İlk iktidara gelindiğinde AB hedefi konulmuş, müzakereler başlatılmış ve 17-18 başlıkta da ilerleme kaydedilmiş bir durum varken, yeni Anayasa çalışmalarında komisyon için hiç de mecbur olunmadığı halde, her partiden eşit üye talep edilirken, bu korkunun psikolojik olduğu aşikâr. Hangi uygulamalar bir Batı ülkesinden farklı olarak şeriati çağrıştırıyor, doğrusu merak ediyorum. Gerçi bu korku büyük oranda aşıldı; sadece müzmin din (özellikle İslam) karşıtlarında sürmekte.

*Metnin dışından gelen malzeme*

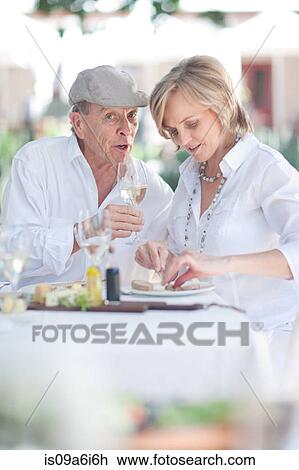 Stock Image - Older couple eating together outdoors. Fotosearch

İçinde bulunduğumuz dönemde, sıkça şikayet edilen bir diğer konu da “kutuplaştırıldık” konusu. Bu da öyle sanıldığı gibi eğitimsiz kitlenin fikri değil. Tam tersine, yine akademik çevreden tutun, bir çok meslek grubuna kadar bunu duyabilirsiniz.

Akademisyenlerin bildirisinden yola çıkarak, “kim aydın ve neden bizim aydınlarımız kendi ülkesi ve toplumuna bu kadar yabancı” diye çeşitli tartışmalar oldu. Bu, bugünün meselesi değil. 1700’lerin sonlarında II. Mahmut’un bazı gençleri eğitim için Fransa’ya göndermesiyle başlar, bizdeki aydının 200 küsur yıllık oryantalizm hikayesi. İşte kutuplaşma da o zamandan beri vardır. Çok mu kötü bu kutuplaşma; aslında hayır. Medeniyetlerin çıkışı, değişim-dönüşüm süreçleri hep kutuplaşmaların ürünüdür. Kutuplaşmanın (yöntemi bir kenara bırakarak) yararlı olduğunu bile söyleyebiliriz.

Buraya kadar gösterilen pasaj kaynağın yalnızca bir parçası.